Control-flow regions using torch.cond can now be captured and replayed as part of CUDA Graphs. By leveraging CUDA 12.4's conditional IF nodes, branches are evaluated entirely on the GPU within a single graph capture. This currently works with the eager and cudagraphs backends; Inductor support is planned for a future release.
Distributed and profiling updates
Custom operators can now accept ProcessGroup objects directly as arguments. All c10d functional collective ops have been updated to accept both ProcessGroup objects and string names.
The PyTorch Profiler Events API now exposes flow IDs, flow types, activity types, unfinished events, and Python function events. NCCL collective traces can be correlated across ranks using a new seq_num field.

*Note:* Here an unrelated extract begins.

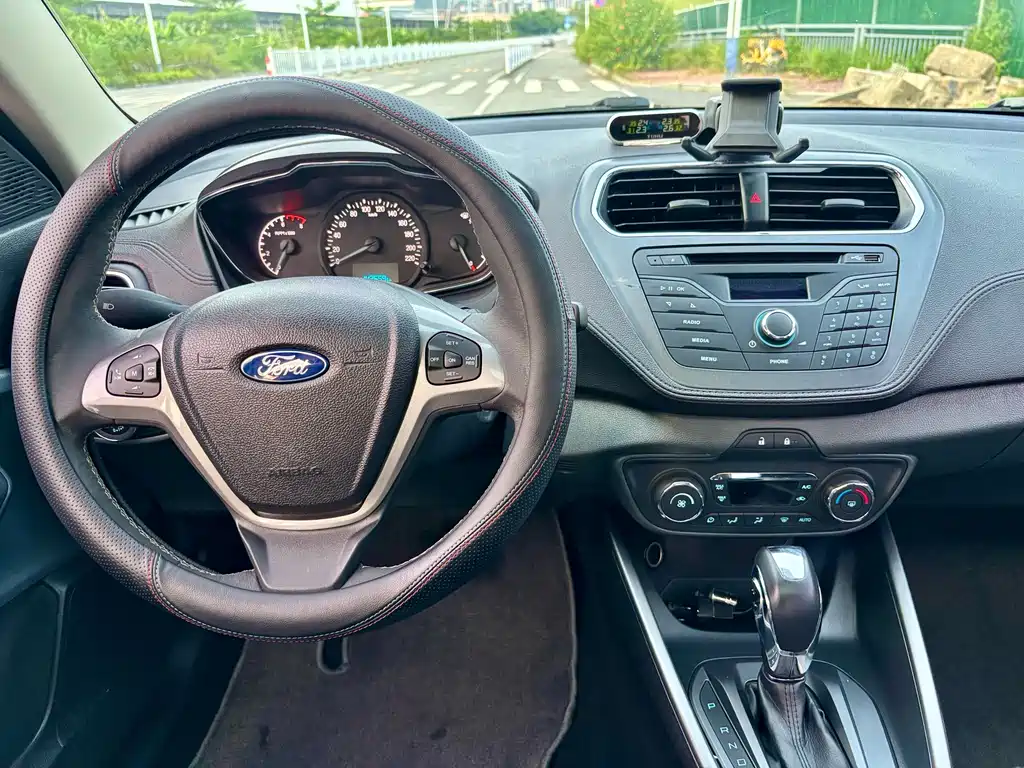 Ford Escort 2016 — фото 14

FlightRecorder's trace analyzer now supports ncclx and gloo backends alongside existing nccl and xccl backends, and recognizes torchcomms operations.
Platform-specific updates
- CUDA:
torch.cuda.graphnow accepts anenable_annotationskwarg that injects annotation metadata into individual kernels. CUDA Green Contexts support specifying a workqueue limit. - ROCm: AMD GPUs (ROCm >= 7.02) now support expandable memory segments. rocSHMEM support enables symmetric memory collective operations. hipSPARSELt is enabled by default on ROCm >= 7.12, bringing semi-structured (2:4) sparsity support. FlexAttention on AMD GPUs uses two-stage pipelining, delivering 5-26% speedups on MI350X.
- Apple MPS: Apple Silicon binary wheels now ship with ahead-of-time-compiled Metal-4 shaders, eliminating runtime shader compilation overhead on first run.

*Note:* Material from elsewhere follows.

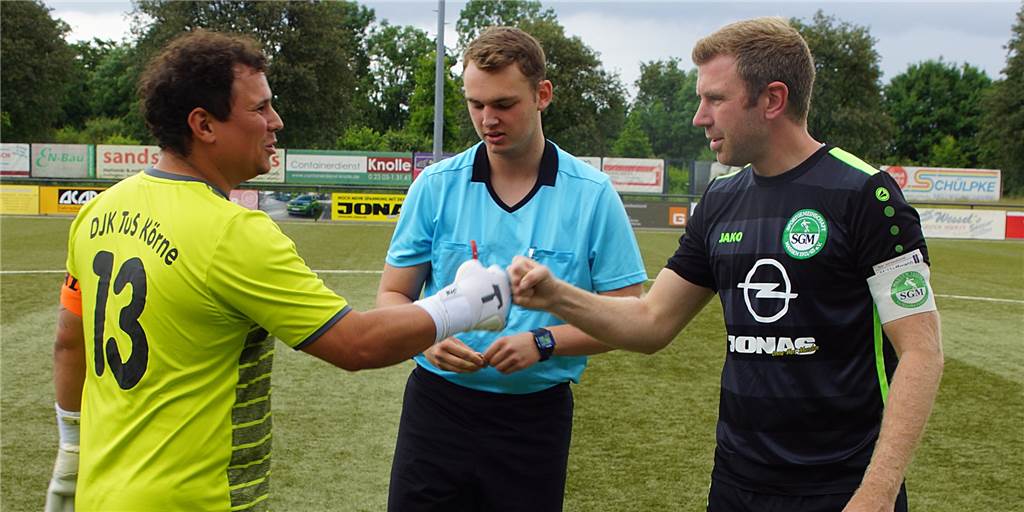Spektakel bei der SG Massen: Torfestival im letzten Heimspiel der Saison Marvin Schmidt (r.) führte die SG Massen in seinem letzten Heimspiel als Kapitän auf das Feld und klatscht mit Körnes Kapitän Marc Wiegand ab. In der Mitte Schiri Dominik Blania.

Deprecations and breaking changes
TorchScript is now deprecated. torch.export should replace the jit trace and script APIs; Executorch should replace the embedded runtime.
The CUDA 12.8 binary wheel is deprecated and will no longer be published as part of the standard release matrix. The default wheel remains CUDA 13.0. CUDA 13.2 has been added as an experimental build. Users on older architectures (Pascal, Volta) should use the CUDA 12.6 wheel. Users on newer GPUs (Blackwell) should use CUDA 13.0+ wheels, which require an NVIDIA driver upgrade to 580.65.06 (Linux) or 580.88 (Windows).
Planned breaking changes for torchcomms in PyTorch 2.13+ include eager initialization of ProcessGroup, changes to P2P operations, and making torchcomms a required package for PyTorch Distributed.
Bottom line
PyTorch 2.12 is a significant performance and platform compatibility release. The 100x speedup for batched eigendecomposition directly addresses a longstanding gap with CuPy. The new device-agnostic graph API and MX quantization export support make the framework more practical for production deployment across diverse hardware.